**WORK TASK:**
Below are entries. Reproduce exactly the lines between the line holding "The Amazing Terrestrial Jellyfish!" and the line holding "Незабудка, Сибирь, Алтай", inclusive, and only those.

(Records from a data source)
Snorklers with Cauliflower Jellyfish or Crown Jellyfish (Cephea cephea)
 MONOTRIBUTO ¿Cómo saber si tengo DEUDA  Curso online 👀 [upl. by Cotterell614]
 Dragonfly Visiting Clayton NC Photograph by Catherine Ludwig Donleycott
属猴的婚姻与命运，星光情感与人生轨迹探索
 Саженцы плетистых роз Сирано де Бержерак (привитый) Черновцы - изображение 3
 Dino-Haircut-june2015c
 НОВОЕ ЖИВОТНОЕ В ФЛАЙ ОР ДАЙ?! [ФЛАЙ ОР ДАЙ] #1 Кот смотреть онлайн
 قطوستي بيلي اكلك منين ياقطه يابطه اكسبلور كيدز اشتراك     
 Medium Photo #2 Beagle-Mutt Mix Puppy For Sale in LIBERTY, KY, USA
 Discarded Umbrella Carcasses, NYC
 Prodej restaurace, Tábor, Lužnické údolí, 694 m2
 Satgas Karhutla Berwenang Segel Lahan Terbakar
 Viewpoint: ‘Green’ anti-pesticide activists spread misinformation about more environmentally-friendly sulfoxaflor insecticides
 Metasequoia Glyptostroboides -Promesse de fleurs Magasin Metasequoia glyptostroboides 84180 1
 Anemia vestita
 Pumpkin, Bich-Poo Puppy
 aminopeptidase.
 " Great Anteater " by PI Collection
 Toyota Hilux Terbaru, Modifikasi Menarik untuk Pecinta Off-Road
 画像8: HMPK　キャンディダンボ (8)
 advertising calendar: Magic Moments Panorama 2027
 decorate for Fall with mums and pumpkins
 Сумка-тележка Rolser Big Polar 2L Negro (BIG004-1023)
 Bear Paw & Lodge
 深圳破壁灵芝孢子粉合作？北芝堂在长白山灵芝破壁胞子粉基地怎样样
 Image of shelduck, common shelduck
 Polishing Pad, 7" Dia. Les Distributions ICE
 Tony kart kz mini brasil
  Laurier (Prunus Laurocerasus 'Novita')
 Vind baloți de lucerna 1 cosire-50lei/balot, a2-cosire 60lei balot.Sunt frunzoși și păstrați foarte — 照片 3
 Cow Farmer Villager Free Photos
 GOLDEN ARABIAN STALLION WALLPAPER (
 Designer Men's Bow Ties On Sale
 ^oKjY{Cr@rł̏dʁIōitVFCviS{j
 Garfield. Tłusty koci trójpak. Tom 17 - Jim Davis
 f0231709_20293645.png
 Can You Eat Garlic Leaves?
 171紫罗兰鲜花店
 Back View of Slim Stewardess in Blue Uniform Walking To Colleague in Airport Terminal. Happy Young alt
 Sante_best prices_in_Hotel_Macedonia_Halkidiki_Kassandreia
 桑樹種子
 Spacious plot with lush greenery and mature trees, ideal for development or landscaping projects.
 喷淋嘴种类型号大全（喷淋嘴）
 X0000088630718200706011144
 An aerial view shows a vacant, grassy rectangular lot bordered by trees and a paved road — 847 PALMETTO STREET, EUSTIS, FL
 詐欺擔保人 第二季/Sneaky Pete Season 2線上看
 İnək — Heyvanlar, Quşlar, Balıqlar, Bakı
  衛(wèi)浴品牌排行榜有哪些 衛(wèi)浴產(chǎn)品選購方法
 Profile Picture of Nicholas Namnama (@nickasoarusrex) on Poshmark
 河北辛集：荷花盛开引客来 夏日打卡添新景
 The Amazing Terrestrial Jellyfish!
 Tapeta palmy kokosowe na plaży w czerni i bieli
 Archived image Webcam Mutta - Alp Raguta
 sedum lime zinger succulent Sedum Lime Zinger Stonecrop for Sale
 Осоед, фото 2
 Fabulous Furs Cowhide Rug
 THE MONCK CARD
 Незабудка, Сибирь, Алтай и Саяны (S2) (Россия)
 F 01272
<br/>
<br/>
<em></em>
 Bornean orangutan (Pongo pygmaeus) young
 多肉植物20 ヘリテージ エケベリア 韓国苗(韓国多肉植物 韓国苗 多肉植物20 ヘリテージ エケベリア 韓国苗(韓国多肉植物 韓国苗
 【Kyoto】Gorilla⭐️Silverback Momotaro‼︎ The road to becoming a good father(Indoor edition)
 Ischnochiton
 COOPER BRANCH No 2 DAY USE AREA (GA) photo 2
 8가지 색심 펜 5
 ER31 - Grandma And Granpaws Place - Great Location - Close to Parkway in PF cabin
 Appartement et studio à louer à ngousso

**RESPONSE BELOW:**
 The Amazing Terrestrial Jellyfish!
 Tapeta palmy kokosowe na plaży w czerni i bieli
 Archived image Webcam Mutta - Alp Raguta
 sedum lime zinger succulent Sedum Lime Zinger Stonecrop for Sale
 Осоед, фото 2
 Fabulous Furs Cowhide Rug
 THE MONCK CARD
 Незабудка, Сибирь, Алтай и Саяны (S2) (Россия)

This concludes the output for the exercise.